# tell me guys.. whats your game plan?



## outdoorsman3 (Nov 15, 2010)

okay guys, I am getting pumped for deer season after seeing my trail cameras! I am making this thread so guys can share there game plan.. here is how it will break down.. tell me what your game plan for opening weekend is...

Bow- My hoyt rampage xt, 55 pounds

Arrow(and broadhead)- easton FMJ, lumenock, 100 grain Hell razors and blood runners. (hell razors for ground blind)

Hunting from what?(tree..etc)- ground blind.

What are you looking for?(trophy,doe..etc)- unless I see 1 of 2 nice, and the monster, just a doe.

if you have pictures of your hit list bucks.. I would love to see them!

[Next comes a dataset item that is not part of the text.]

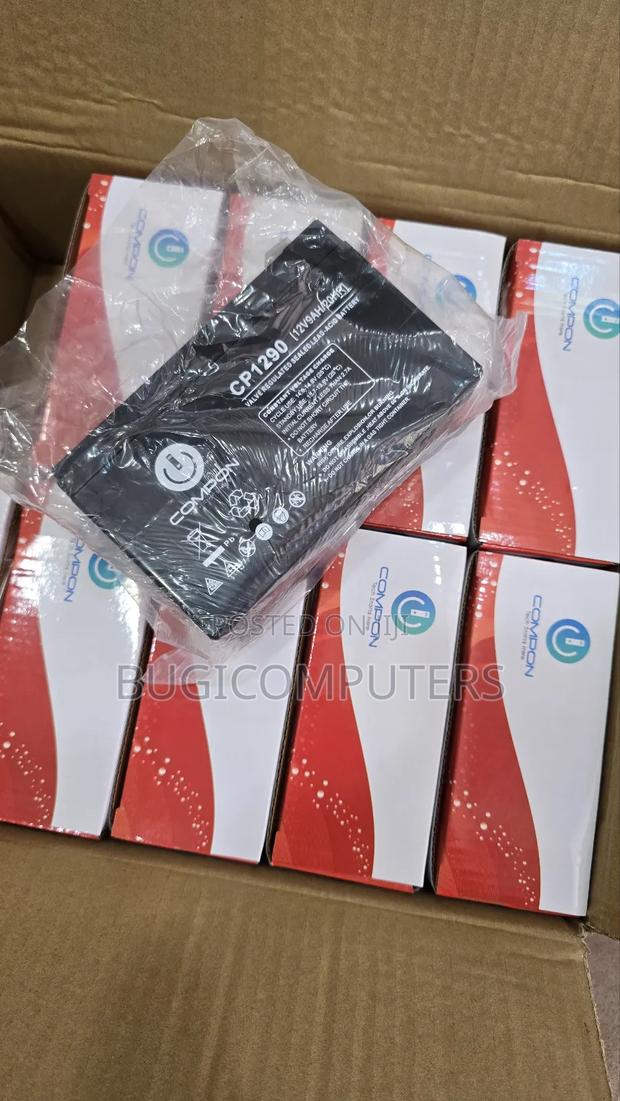 Ups Battery 12v/9ah · Photo 4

I am not hunting this area opening day because I dont want to spook him out early, but this is my #1 hit list buck.


----------



## 12-RING SHOOTER (Jul 27, 2010)

awesome looking buck!!!
bow: 2010 PSE Vendetta XL 60# 27''
arrow: Easton N-Fused ST Axis 400 and Slick Trick 100's
hunting from: trees
what am i looking for? does and bucks
no pics, all i have to hunt is the local public land.....


----------



## outdoorsman3 (Nov 15, 2010)

yeah, public land is harder to decide which buck is good to take. its more if it walks out take the shot. no picking and choosing


----------



## hunter14 (Oct 14, 2009)

My game plan is to go out in the morning, pull the cameras and do a little scouting, and maybe do a little hunting.... haha. Then come back in the afternoon and set up in a draw.

Bow: 2010 athens accomplice 34
arrows: GT velocity xts and slick tricks
Still hunting and spot and stalk.
I need a trophy! preferably a B&C or a P&Y.

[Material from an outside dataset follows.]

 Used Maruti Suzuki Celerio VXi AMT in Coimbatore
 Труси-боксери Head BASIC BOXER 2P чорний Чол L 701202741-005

I dont have any trail cam pictures of the bucks I'm hunting, but I have some out of the spotting scope.


----------



## [email protected] (Jun 15, 2011)

I'll be on a doe mission early and then around mid Oct. I'll be after the biguns. Here's my equipment.

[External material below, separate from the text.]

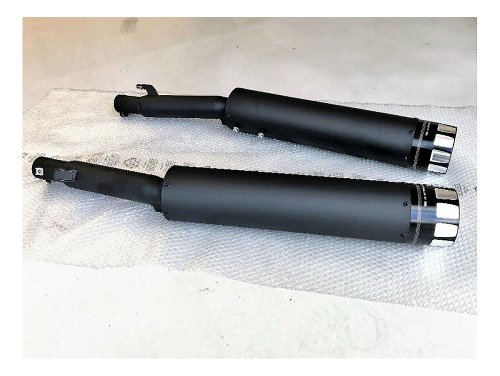 Mistral Silencer kit, exclusive, mat black, with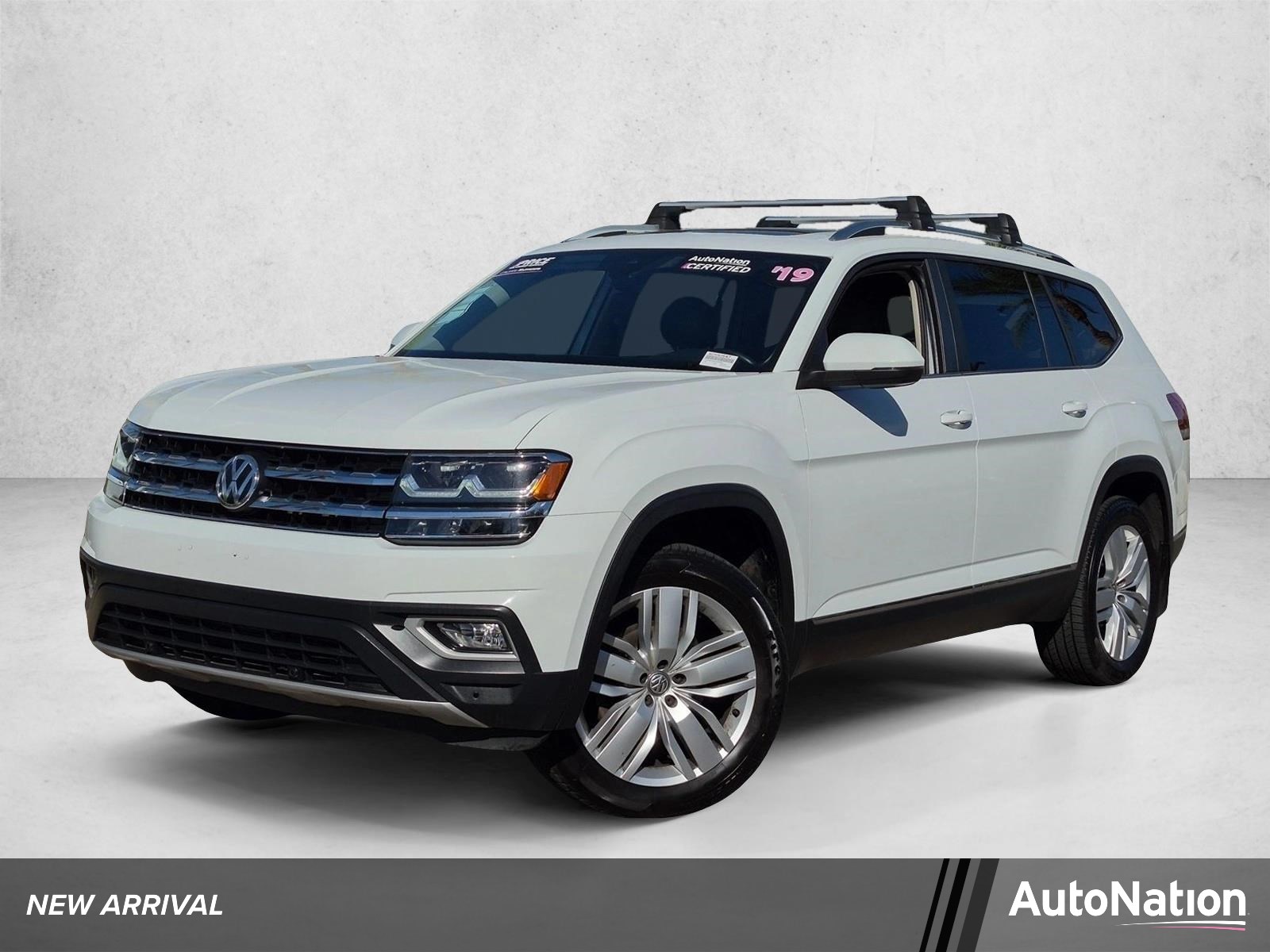 2019 Volkswagen Atlas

Bow. 2008 Mathews Dxt at 64#'s and 29" draw

Arrows. CX Maxima Hunter 350 with Nocturnal 


BTW that's a really nice buck. Hope you get him! 

No pics for me either.

Broadheads. NAP HellRazors

Release. Scott Lil Goose.

Double Bull blind and a few stands. Don't ask me what brand.


----------



## hunter14 (Oct 14, 2009)

messed up on some of the pictures...


----------



## Bow Hunter Beck (Aug 28, 2011)

i got one trail camera picture first time ever using it so i just put it on public land but this is what i got
Bow- Mathews Drenalin at 65#'s 29" draw
Arrows -Maxima blue streak broad head blood runners
Hunting- trees
Looking for- Anything on public land but has to be a monster on private land


----------



## Bow Hunter Beck (Aug 28, 2011)




----------



## Bow Hunter Beck (Aug 28, 2011)

That the public land i got but still need to check the ones i have farther up north


----------



## arhoythunter (Aug 3, 2010)

Hoyt alphamax32 70lbs
Victory VFORCE on on end a rage 2 blade,Magnus or swhacker and on the other end a green or red nocturnal
Hunting from a summit viper xl or a few loc ons. May try spot and stalk and still hunting.
Hell I'll take anything "out of meat"


----------



## need-a-bow (Aug 10, 2010)

arhoythunter said:


> hoyt alphamax32 70lbs
> victory vforce on on end a rage 2 blade,magnus or swhacker and on the other end a green or red nocturnal
> hunting from a summit viper xl or a few loc ons. May try spot and stalk and still hunting.
> Hell i'll take anything "out of meat"


bacon!!!!


----------



## texasbow15 (Jul 28, 2011)

I will be hunting at my ranch in southeast Texas which is about a 5 minute drive from my house
Bow- Mission Craze 55#
Arrows- Beaman Ics hunter 400 with Muzzy MX-3
Hunting out of a treesatnd
and will be going after a pretty nice buck, but if a does walks out I might shot her


----------



## outdoorsman3 (Nov 15, 2010)

[email protected] said:


> I'll be on a doe mission early and then around mid Oct. I'll be after the biguns. Here's my equipment.
> 
> Bow. 2008 Mathews Dxt at 64#'s and 29" draw
> 
> ...


do you have any past experience with the hell razors?? I really want to buy them because I like ground blind hunting and I want a good sharp fixed blade to shoot through my mesh.


----------



## texasbow15 (Jul 28, 2011)

outdoorsman3 said:


> do you have any past experience with the hell razors?? I really want to buy them because I like ground blind hunting and I want a good sharp fixed blade to shoot through my mesh.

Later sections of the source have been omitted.